Berlin Die Trockenheit in Deutschland wird zu einer Belastung für die Binnenschifffahrt. Der Grund: Die Wasserstände vieler Flüsse sind so niedrig, dass Schiffe sie nur langsamer und mit weniger Ladung befahren können. Das führt zu höheren Transportkosten.
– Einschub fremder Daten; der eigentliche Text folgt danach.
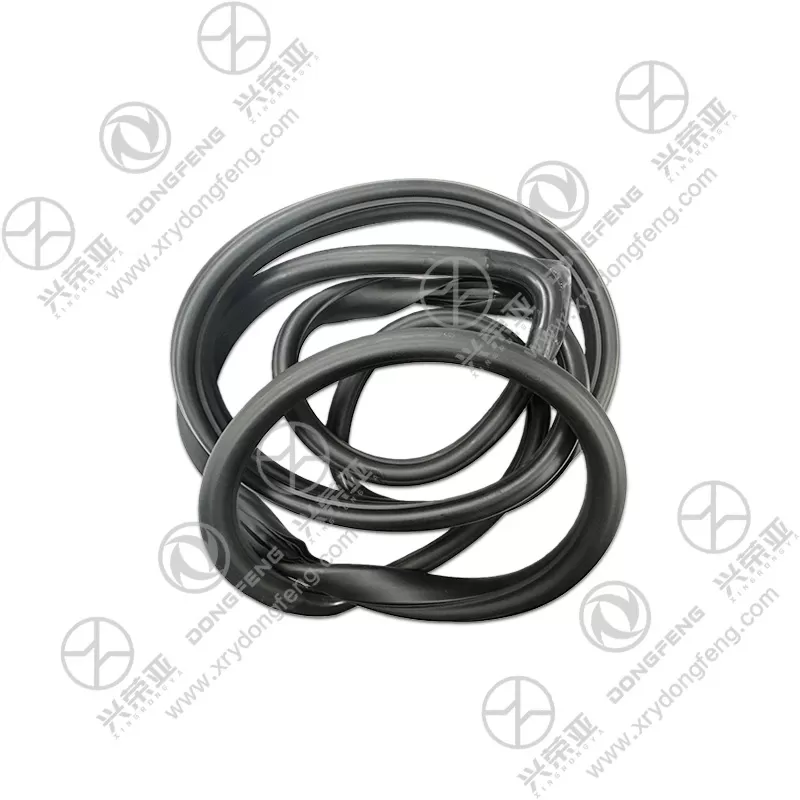 Overall View Front Windshield Seal OE 5206015-G01201A Dongfeng DFAC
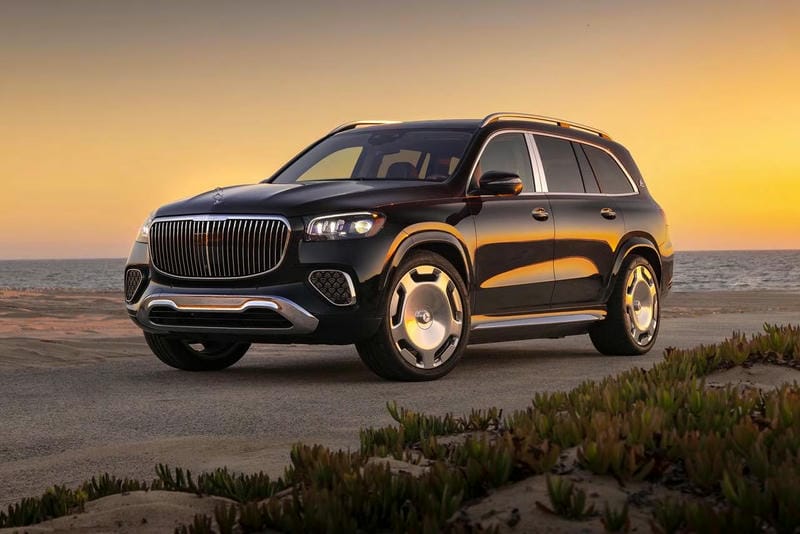 Mercedes-Benz Maybach GLS600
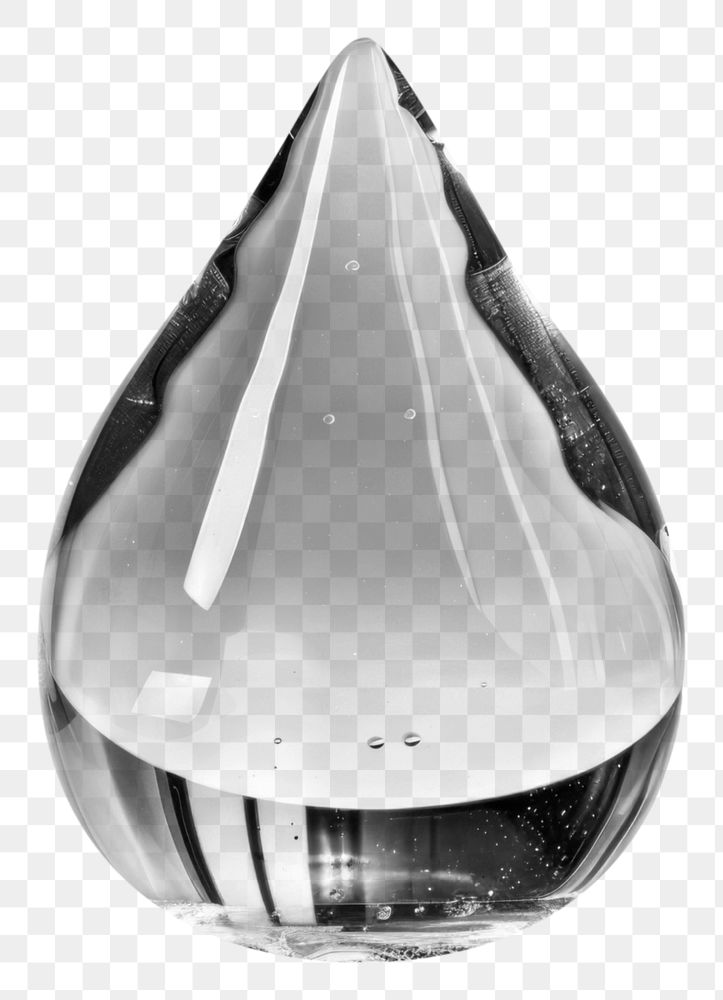 PNG Ingle raindrop pottery droplet crystal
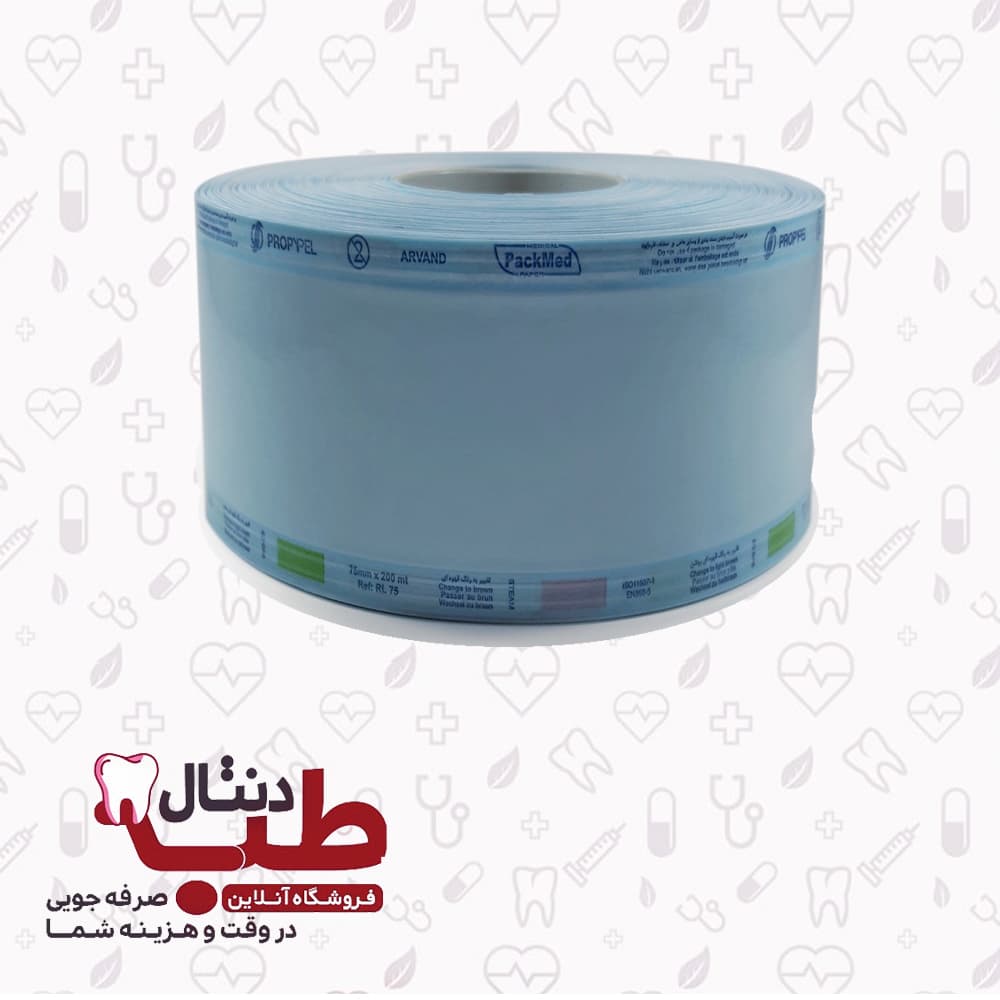 رول استریل 15 سانتی‌متری اتوکلاو -Sterile Roll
Als Gradmesser für die Bewertung der Lage am Rhein, der wichtigsten deutschen Wasserstraße, gilt der Pegelstand in Kaub. Der Ort bei Koblenz nahe dem Loreley-Felsen im Unesco-Welterbe Oberes Mittelrheintal ist ein wichtiges Nadelöhr der gesamten Rheinschifffahrt. Dort sank zuletzt der Pegelstand auf 103 Zentimeter, wie aus Daten der Schifffahrtsgenossenschaft DTG hervorgeht. Wasserstände von unter 135 Zentimetern bedeuten hier, dass große Containerschiffe ihre Ladung spürbar reduzieren müssen – teils um die Hälfte.
Nordrhein-Westfalens Umweltminister Oliver Krischer (Grüne) sagte dem Handelsblatt: „Der Rhein ist die Lebensader der deutschen Wirtschaft.“ Seine Schiffbarkeit sei Wohlstandserhalt und Klimaschutz zugleich. „Ohne Wasser kein Schiff, ohne Schiff keine Wirtschaft, ohne Wirtschaft keine Verkehrswende.“ Hier eine Übersicht über die Lage:
Welche Bedeutung hat der Rhein für die Wirtschaft?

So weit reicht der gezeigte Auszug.